基于边界约束图像融合的光学字符识别算法研究

为了提高非合作目标区域中光学字符的识别能力，增强电力铭牌、电网文本等信息采集的准确性，设计了一种偏振图像与可见光图像同时采集并进行图像融合的光学字符识别系统。通过设置0°、60°和120°的偏振角对响应电压进行周期性调制，从而获取有效信息区域的连通范围，实现准确的边界约束。通过计算偏振角度标定参数，设置边界条件的合理阈值，为图像融合提供范围标准。实验分别测试了响应电压关于偏振角度和测试距离的函数曲线，结果显示，偏振角度周期性变化斜率为53.1 mV/(°)。在0.5~3.0 m范围内，响应电压最大值为241.7 mV，最小电压为18.5 mV，并且三条响应曲线的单调性几乎一致。实验针对图像清晰度较差的电力铭牌目标进行测试，结果显示，模糊的原始图像在传统图像滤波与增强后，对比度从0.34提升至1.56，图像质量得到了一定的改善，但仍有部分字符无法识别。而采用文中算法后，对比度达到了3.23，部分模糊字符也能有效识别。可见，该系统适用于非合作目标的光学字符识别，对低质量图像中光学字符识别具有很好的优化效果。

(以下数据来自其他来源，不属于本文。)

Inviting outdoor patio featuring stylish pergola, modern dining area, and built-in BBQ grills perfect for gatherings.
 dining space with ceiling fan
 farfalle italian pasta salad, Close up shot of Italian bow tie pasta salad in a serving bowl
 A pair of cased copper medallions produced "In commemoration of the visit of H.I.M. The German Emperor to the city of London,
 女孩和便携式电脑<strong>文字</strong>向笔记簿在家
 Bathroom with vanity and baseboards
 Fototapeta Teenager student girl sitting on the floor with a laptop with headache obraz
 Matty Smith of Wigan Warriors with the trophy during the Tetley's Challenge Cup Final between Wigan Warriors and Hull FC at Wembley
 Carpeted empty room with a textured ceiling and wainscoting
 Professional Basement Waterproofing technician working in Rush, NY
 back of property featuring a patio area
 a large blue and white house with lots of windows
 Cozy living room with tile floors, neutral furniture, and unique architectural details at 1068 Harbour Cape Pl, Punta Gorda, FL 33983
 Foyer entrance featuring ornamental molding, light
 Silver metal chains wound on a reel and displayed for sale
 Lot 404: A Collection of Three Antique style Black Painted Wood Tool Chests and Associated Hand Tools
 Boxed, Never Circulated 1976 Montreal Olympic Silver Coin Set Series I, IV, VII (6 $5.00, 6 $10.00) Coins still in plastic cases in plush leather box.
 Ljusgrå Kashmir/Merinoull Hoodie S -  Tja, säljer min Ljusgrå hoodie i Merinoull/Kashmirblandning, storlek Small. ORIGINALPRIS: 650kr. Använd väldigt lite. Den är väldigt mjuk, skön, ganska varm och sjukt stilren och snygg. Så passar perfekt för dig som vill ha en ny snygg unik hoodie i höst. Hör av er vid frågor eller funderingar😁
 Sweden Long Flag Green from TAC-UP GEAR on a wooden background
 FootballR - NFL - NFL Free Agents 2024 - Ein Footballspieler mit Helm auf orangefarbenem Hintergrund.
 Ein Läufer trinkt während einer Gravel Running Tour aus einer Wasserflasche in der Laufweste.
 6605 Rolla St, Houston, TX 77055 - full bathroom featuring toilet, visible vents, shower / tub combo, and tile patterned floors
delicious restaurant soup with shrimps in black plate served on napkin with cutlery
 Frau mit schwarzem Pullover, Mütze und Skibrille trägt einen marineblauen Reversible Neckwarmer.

Research on optical character recognition algorithm based on boundary constrained image fusion

In order to improve the recognition ability of optical characters in non-cooperative target areas, and enhance the accuracy of information collection such as power nameplates and power grid texts, an optical character recognition system was designed that simultaneously collected polarized images and visible light images and performed image fusion. By setting the polarization angles of 0°, 60° and 120°, the response voltage was periodically modulated to obtain the connectivity range of the effective information region and achieve accurate boundary constraints. By calculating the polarization angle calibration parameters and setting reasonable thresholds of boundary conditions, a range standard was provided for image fusion. The function curves of the response voltage on the polarization angle and the test distance were tested in the experiment, and the results showed that the slope of the periodic change of the polarization angle was 53.1 mV/(°). In the range of 0.5-3.0 m, the maximum value of the response voltage was 241.7 mV, the minimum voltage was 18.5 mV, and the monotonicity of the three response curves was almost the same. The experiment was carried out on the power nameplate target with poor image definition. The results showed that after traditional image filtering and enhancement, the contrast ratio of the blurred original image was increased from 0.34 to 1.56, and the image quality was improved to a certain extent, but there were still some characters that could not be identified. After using this algorithm, the contrast ratio reaches 3.23, and some fuzzy characters can also be effectively recognized. It can be seen that the system is suitable for optical character recognition of non-cooperative targets, and has a good optimization effect on optical character recognition in low-quality images.